Data mining is just a subset of the knowledge discovery process (or concept flow of Business Intelligence), where data mining provides the algorithms/math that aid in developing actionable data-driven results (Fayyad, Piatetsky-Shapiro, & Smyth, 1996). It should be noted that success has much to do with the events that lead to the main event as it does with the main event. Incorporating data mining processes into Business Intelligence, one must understand the business task/question behind the problem, properly process all the required data, analyze the data, evaluate and validate the data while analyzing the data, apply the results, and finally learn from the experience (Ahlemeyer-Stubbe & Coleman, 2014). Conolly and Begg (2014), stated that there are four operations of data mining: predictive modeling, database segmentation, link analysis, and deviation detection. Fayyad et al. (1996), classifies data mining operations by their outcomes: prediction and descriptive.
It is crucial to understand the business task/question behind the problem you are trying to solve. The reason why is because some types of business applications are associated with particular operations like marketing strategies use database segmentation (Conolly & Begg, 2014). However, any of the data mining operations can be implemented for any business application, and many business applications can use multiple operations. Customer profiling can use database segmentation first and then use predictive modeling next (Conolly & Begg, 2014). By thinking outside of the box about which combination of operations and algorithms to use, rather than using previously used operations and algorithms to help meet the business objectives, it could generate even better results (Minelli, Chambers, & Dhiraj, 2013).

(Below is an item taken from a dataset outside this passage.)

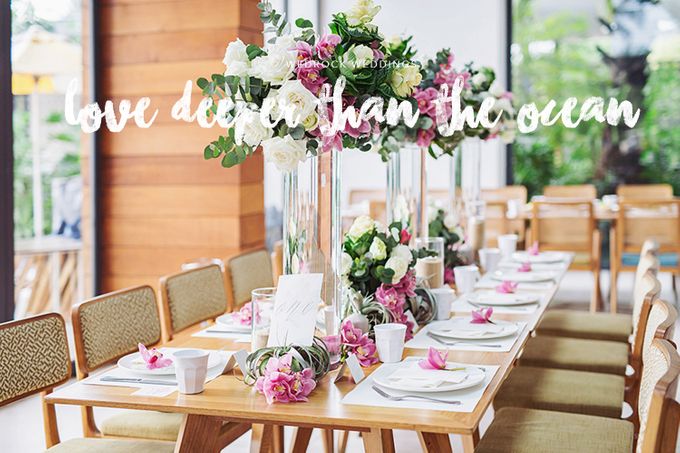 Love Deeper Than The Ocean Part 3a by Wedrock Weddings - 001 Love Deeper Than The Ocean Part 3a by Wedrock Weddings - 001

A consolidated list (Ahlemeyer-Stubbe & Coleman, 2014; Berson, Smith, & Thearling 1999; Conolly & Begg, 2014; Fayyad et al., 1996) of the different types of data mining operations, algorithms and purposes are listed below.

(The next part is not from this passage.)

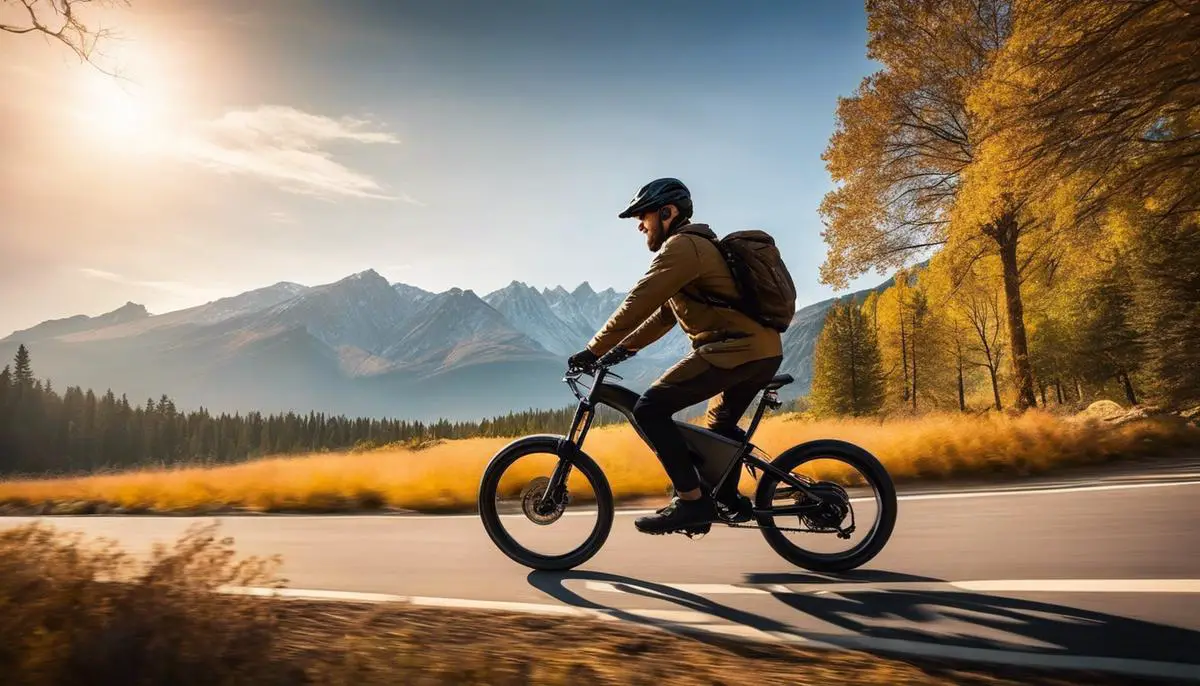 Level Up Your Hunting Trip with an E-Bike Adventure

- Prediction – “What could happen?”
- Classification – data is classified into different predefined classes
- C4.5
- Chi-Square Automatic Interaction Detection (CHAID)
- Support Vector Machines
- Decision Trees
- Neural Networks (also called Neural Nets)
- Naïve Bayes
- Classification and Regression Trees (CART)
- Bayesian Network
- Rough Set Theory
- AdaBoost
- Regression (Value Prediction) – data is mapped to a prediction formula
- Linear Regression
- Logistic Regression
- Nonlinear Regression
- Multiple linear regression
- Discriminant Analysis
- Log-Linear Regression
- Poisson Regression
- Anomaly Detection (Deviation Detection) – identifies significant changes in the data
- Statistics (outliers)
- Classification – data is classified into different predefined classes
- Descriptive – “What has happened?”
- Clustering (database segmentation) – identifies a set of categories to describe the data
- Nearest Neighbor
- K-Nearest Neighbor
- Expectation-Maximization (EM)
- K-means
- Principle Component Analysis
- Kolmogorov-Smirnov Test
- Kohonen Networks
- Self-Organizing Maps
- Quartile Range Test
- Polar Ordination
- Hierarchical Analysis
- Association Rule Learning (Link Analysis) – builds a model that describes the data dependencies
- Apriori
- Sequential Pattern Analysis
- Similar Time Sequence
- PageRank
- Summarization – smaller description of the data
- Basic probability
- Histograms
- Summary Statistics (max, min, mean, median, mode, variance, ANOVA)
- Clustering (database segmentation) – identifies a set of categories to describe the data
- Prescriptive – “What should we do?” (an extension of predictive analytics)
- Optimization
- Decision Analysis
- Optimization
Finally, Ahlemeyer-Stubbe and Coleman (2014) stated that even though there are a ton of versatile data mining software available that would do any of the abovementioned operations and algorithms; a good data mining software would be deployable across different environments and include tools for data prep and transformation.
References
- Ahlemeyer-Stubbe, A., & Coleman, S. (2014). A Practical Guide to Data Mining for Business and Industry, 1st Edition. [VitalSource Bookshelf Online]. Retrieved from https://bookshelf.vitalsource.com/#/books/9781118981863/
- Berson, A. Smith, S. & Thearling K. (1999). Building Data Mining Applications for CRM. McGraw-Hill. Retrieved from http://www.thearling.com/text/dmtechniques/dmtechniques.htm
- Connolly, Thomas, & Begg, C. (2014). Database Systems: A Practical Approach to Design, Implementation, and Management, 6th Edition. [VitalSource Bookshelf Online]. Retrieved from https://bookshelf.vitalsource.com/#/books/9781323135761/
- Minelli, M., Chambers, M., and Dhiraj A. (2013). Big Data, Big Analytics: Emerging Business Intelligence and Analytic Trends for Today’s Businesses. John Wiley & Sons P&T. VitalBook file.
- Fayyad, U., Piatetsky-Shapiro, G., & Smyth, P. (1996). From data mining to knowledge discovery in databases. AI Magazine, 17(3), 37. Retrieved from: http://www.aaai.org/ojs/index.php/aimagazine/article/download/1230/1131/